What is important must be emphasized. Ideas placed in the first paragraph of a document or message receive the most emphasis, followed by information placed in the last paragraph. To emphasize an idea, you can also place it in a short sentence. A short and simple sentence will most effectively convey an important idea. You can provide further explanation, sufficient examples, or evidence in following sentences. For example: "Smoking will no longer be permitted in the building. We reached this decision after considering evidence that establishes the dangers of second-hand smoking."
Use active voice to emphasize the person or thing performing an action. Active voice is preferable to passive for the majority of your sentences. Sentences in active voice are generally clearer and more direct. Phrases such as "most important," "major," or "primary" also tell the reader which ideas you want to emphasize.

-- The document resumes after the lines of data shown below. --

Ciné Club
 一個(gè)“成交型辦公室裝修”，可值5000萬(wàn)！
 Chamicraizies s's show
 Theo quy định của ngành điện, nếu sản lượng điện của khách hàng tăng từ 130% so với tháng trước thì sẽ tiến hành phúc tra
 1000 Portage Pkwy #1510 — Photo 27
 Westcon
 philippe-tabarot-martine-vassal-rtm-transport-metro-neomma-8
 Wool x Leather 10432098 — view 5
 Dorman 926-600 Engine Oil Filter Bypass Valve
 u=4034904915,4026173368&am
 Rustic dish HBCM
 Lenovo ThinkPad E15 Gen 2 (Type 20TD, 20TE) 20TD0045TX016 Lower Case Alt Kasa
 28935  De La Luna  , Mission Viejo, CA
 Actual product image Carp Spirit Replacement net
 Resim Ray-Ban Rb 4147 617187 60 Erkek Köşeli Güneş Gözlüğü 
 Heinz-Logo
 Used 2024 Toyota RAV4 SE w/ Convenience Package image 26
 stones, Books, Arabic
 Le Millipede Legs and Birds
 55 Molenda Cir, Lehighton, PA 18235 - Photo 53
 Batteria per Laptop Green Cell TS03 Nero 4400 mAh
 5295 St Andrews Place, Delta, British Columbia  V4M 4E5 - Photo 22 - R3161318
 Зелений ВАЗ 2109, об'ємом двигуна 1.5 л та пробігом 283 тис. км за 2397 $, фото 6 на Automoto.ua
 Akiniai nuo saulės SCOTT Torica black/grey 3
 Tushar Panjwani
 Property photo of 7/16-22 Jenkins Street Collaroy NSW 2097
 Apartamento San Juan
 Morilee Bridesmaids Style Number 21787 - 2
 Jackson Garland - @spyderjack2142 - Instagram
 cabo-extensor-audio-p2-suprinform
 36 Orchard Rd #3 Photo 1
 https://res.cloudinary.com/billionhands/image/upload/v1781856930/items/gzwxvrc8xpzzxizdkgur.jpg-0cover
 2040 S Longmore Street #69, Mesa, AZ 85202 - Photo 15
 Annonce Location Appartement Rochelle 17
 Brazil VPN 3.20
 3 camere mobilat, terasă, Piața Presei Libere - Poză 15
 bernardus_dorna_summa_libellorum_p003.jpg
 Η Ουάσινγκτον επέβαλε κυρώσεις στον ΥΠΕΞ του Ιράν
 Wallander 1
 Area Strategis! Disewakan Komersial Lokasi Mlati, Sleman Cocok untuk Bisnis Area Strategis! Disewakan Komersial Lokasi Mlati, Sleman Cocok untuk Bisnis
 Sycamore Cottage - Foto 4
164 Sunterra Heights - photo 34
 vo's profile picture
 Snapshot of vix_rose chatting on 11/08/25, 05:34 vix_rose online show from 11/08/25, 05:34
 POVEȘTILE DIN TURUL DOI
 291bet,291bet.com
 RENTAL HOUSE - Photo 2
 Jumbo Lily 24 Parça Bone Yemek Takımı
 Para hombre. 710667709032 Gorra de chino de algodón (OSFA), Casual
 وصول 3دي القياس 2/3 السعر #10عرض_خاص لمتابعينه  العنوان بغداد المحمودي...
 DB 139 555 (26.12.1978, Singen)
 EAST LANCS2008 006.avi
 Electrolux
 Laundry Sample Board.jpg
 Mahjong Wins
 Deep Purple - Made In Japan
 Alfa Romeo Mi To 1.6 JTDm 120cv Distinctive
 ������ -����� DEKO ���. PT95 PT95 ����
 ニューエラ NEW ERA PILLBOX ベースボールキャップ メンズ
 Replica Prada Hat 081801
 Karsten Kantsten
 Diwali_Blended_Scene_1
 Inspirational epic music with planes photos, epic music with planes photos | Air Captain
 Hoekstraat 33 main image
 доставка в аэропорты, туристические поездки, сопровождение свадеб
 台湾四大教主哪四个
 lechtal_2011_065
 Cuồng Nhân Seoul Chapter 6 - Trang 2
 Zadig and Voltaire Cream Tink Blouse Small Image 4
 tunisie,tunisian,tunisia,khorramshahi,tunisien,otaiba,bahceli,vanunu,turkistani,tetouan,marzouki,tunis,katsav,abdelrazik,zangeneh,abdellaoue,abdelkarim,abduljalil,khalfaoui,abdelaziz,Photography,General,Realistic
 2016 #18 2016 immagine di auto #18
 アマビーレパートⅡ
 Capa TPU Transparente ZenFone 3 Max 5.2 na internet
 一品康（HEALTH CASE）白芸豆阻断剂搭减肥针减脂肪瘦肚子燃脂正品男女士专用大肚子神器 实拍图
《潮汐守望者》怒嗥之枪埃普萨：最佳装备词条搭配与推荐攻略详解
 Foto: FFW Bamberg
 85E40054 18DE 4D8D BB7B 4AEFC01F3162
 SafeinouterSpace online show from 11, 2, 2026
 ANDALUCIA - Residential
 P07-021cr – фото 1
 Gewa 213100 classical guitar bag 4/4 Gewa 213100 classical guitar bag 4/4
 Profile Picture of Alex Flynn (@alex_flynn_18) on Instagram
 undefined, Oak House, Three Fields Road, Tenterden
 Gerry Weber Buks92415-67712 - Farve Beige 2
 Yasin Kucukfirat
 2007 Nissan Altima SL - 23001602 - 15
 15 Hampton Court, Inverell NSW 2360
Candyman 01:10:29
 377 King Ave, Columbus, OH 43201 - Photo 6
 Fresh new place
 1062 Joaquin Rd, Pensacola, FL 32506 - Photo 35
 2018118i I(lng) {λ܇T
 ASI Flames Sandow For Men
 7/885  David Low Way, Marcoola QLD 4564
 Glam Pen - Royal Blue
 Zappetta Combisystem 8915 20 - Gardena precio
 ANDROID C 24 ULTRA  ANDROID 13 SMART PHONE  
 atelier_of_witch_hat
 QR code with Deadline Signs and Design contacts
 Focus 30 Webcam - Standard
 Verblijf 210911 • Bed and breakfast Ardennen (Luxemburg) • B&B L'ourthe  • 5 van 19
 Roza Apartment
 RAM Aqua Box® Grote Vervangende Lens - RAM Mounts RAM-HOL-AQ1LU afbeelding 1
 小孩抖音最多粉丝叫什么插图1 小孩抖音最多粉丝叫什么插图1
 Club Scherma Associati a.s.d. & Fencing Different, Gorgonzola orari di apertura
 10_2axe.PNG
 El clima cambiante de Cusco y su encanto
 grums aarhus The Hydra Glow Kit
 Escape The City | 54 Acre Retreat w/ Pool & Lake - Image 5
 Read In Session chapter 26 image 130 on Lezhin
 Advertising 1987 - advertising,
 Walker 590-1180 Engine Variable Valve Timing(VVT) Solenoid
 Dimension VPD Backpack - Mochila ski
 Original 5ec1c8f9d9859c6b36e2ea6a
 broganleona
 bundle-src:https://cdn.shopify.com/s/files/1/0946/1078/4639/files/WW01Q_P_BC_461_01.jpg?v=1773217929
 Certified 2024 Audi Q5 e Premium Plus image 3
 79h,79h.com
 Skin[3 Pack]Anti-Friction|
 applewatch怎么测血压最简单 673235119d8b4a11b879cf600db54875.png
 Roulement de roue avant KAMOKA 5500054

Always write from the reader's perspective. A reader may wonder: "What's in it for me?" It is your job to tailor your document to help the reader answer the question that is on the reader's mind.
When it comes to business memoranda:
It must have a clear and easily identified structure. Headings are crucial to letting the reader understand what you are about to say.
The introduction has to make clear what you were asked to do and what you’re delivering:
The Executive Summary is crucial. If you can't write a useful Executive Summary, then you didn't write a useful memorandum.
Be professional. The way you write helps to define how you will be perceived.
In this particular assignment:
You need to establish what the problem is that needs to be solved! If you don't know where you are going, any road will get you there.
Possible solutions must be specific, and you must explain their positives and negatives and why your solution is the best one.
You must do some research and cannot assume that what you think you know is correct.
Be bold! You will get a lower grade if you don’t tell me what to do than if you tell me the wrong thing to do. If you’ve done your research and critical thinking, you’re probably not in the realm of right or wrong. You’re probably in the realm of better or worse, of more or less effective. Again, be bold!